Beginning with the first line, please return the entries exactly through the line that contains "Stella-Marie | Dámský", and leave out all later lines.

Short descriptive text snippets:
______
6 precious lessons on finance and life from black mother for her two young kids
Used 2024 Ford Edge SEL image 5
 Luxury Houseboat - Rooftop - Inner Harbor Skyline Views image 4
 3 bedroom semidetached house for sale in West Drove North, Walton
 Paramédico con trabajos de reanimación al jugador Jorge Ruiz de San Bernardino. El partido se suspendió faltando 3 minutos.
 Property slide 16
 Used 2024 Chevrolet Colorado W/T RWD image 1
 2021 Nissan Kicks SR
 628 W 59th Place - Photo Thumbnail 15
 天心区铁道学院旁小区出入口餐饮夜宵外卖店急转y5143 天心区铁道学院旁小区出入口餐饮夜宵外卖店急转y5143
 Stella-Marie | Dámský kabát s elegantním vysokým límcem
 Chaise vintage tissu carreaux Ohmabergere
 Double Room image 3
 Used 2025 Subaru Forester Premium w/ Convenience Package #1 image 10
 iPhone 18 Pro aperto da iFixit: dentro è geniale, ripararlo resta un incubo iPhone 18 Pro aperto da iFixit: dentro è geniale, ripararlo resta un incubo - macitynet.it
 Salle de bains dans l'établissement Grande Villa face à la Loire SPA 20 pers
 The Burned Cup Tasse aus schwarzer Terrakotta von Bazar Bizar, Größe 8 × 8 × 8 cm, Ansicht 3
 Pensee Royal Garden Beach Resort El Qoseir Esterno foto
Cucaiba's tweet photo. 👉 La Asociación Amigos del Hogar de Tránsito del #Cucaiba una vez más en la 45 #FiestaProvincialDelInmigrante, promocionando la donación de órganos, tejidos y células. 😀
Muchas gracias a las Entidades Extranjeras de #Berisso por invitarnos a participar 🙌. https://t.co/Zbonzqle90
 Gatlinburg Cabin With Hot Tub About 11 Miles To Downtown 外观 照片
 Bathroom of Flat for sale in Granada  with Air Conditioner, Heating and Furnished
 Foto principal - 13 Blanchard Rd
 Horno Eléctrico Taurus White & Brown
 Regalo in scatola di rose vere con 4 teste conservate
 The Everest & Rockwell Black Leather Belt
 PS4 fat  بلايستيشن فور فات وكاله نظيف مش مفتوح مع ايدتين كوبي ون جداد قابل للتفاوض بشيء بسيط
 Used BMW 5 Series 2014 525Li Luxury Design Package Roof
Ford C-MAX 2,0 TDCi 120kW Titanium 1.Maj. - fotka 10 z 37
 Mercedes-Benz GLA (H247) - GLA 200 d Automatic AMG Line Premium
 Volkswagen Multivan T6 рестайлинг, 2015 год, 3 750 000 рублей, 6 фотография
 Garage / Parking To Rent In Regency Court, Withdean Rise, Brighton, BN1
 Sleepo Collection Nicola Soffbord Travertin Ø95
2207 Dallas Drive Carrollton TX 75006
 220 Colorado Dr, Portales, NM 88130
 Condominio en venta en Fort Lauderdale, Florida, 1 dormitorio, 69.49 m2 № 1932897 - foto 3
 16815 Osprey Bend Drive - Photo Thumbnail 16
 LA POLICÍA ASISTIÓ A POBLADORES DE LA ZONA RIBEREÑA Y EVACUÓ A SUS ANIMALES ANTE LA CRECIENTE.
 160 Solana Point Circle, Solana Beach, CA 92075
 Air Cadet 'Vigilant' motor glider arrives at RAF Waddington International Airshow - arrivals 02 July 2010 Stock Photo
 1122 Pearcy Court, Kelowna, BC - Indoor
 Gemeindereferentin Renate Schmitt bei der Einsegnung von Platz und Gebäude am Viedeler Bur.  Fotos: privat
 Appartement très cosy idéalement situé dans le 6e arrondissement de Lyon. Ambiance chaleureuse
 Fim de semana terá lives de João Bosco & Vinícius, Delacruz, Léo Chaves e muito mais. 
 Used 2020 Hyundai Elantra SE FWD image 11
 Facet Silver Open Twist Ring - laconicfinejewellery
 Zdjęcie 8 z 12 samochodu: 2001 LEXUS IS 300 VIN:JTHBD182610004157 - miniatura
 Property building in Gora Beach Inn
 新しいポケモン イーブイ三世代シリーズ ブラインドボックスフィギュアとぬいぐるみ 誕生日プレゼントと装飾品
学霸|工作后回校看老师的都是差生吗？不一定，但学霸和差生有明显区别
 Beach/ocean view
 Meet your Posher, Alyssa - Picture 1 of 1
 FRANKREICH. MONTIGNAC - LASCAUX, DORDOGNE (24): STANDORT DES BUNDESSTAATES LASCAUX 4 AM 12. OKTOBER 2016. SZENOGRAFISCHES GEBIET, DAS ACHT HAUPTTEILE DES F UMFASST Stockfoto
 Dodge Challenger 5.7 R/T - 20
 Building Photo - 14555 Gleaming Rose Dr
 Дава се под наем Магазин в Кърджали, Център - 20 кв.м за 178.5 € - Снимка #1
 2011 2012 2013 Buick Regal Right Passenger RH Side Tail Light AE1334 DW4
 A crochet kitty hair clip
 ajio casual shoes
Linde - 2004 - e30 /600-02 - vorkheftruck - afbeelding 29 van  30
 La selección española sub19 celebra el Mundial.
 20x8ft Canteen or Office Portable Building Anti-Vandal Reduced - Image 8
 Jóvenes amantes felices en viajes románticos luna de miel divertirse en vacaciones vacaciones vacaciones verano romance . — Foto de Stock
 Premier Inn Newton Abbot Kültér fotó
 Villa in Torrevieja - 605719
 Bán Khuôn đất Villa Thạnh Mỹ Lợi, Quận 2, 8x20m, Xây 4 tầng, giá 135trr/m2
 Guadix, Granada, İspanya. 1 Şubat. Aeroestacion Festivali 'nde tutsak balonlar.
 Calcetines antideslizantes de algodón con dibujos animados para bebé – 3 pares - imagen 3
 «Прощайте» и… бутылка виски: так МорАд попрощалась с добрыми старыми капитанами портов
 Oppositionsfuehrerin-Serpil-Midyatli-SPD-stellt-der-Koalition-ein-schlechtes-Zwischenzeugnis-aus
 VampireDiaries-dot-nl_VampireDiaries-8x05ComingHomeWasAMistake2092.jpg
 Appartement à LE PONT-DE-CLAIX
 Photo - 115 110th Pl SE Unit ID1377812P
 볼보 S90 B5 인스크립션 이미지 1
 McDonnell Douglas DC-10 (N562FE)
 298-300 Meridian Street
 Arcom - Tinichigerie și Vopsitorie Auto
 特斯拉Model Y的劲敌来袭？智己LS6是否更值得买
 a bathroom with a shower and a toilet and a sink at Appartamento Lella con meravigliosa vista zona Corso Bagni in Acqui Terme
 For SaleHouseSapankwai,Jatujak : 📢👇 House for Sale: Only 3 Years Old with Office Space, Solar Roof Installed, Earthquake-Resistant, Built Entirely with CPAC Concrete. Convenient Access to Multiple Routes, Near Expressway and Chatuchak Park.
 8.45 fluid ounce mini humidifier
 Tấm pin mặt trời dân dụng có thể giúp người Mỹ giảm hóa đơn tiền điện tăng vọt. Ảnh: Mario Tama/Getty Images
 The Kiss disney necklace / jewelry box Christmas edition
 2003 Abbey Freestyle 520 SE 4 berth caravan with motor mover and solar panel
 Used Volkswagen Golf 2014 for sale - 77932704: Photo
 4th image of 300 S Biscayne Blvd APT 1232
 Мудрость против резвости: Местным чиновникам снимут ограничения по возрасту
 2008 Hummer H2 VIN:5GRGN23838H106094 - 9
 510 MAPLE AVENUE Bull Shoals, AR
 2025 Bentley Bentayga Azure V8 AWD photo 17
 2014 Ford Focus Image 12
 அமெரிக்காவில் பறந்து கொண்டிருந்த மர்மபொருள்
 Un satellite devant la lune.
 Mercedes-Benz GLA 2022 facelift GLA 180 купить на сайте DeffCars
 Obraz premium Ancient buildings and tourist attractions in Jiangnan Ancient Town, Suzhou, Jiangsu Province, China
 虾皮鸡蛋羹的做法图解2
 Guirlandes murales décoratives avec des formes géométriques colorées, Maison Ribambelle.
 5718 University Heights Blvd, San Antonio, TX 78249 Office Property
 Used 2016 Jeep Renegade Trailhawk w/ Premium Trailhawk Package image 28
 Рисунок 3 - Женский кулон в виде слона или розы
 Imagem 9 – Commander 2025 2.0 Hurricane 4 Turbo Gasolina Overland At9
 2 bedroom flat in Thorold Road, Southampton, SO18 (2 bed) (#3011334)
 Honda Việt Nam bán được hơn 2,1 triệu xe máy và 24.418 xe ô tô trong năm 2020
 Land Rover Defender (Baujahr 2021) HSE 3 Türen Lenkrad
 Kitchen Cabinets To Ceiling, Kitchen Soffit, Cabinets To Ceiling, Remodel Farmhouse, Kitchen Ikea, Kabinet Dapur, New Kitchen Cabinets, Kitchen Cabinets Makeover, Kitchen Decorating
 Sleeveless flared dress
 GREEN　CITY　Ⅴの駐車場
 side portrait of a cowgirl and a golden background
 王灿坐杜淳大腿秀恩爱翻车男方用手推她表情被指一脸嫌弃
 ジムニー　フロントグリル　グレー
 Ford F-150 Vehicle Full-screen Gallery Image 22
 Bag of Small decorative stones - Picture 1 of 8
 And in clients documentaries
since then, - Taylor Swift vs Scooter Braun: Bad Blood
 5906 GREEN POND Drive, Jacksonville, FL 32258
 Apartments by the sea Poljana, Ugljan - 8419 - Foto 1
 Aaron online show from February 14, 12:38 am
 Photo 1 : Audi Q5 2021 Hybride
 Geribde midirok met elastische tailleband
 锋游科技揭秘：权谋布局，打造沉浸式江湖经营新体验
______
Final answer:
6 precious lessons on finance and life from black mother for her two young kids
Used 2024 Ford Edge SEL image 5
 Luxury Houseboat - Rooftop - Inner Harbor Skyline Views image 4
 3 bedroom semidetached house for sale in West Drove North, Walton
 Paramédico con trabajos de reanimación al jugador Jorge Ruiz de San Bernardino. El partido se suspendió faltando 3 minutos.
 Property slide 16
 Used 2024 Chevrolet Colorado W/T RWD image 1
 2021 Nissan Kicks SR
 628 W 59th Place - Photo Thumbnail 15
 天心区铁道学院旁小区出入口餐饮夜宵外卖店急转y5143 天心区铁道学院旁小区出入口餐饮夜宵外卖店急转y5143
 Stella-Marie | Dámský kabát s elegantním vysokým límcem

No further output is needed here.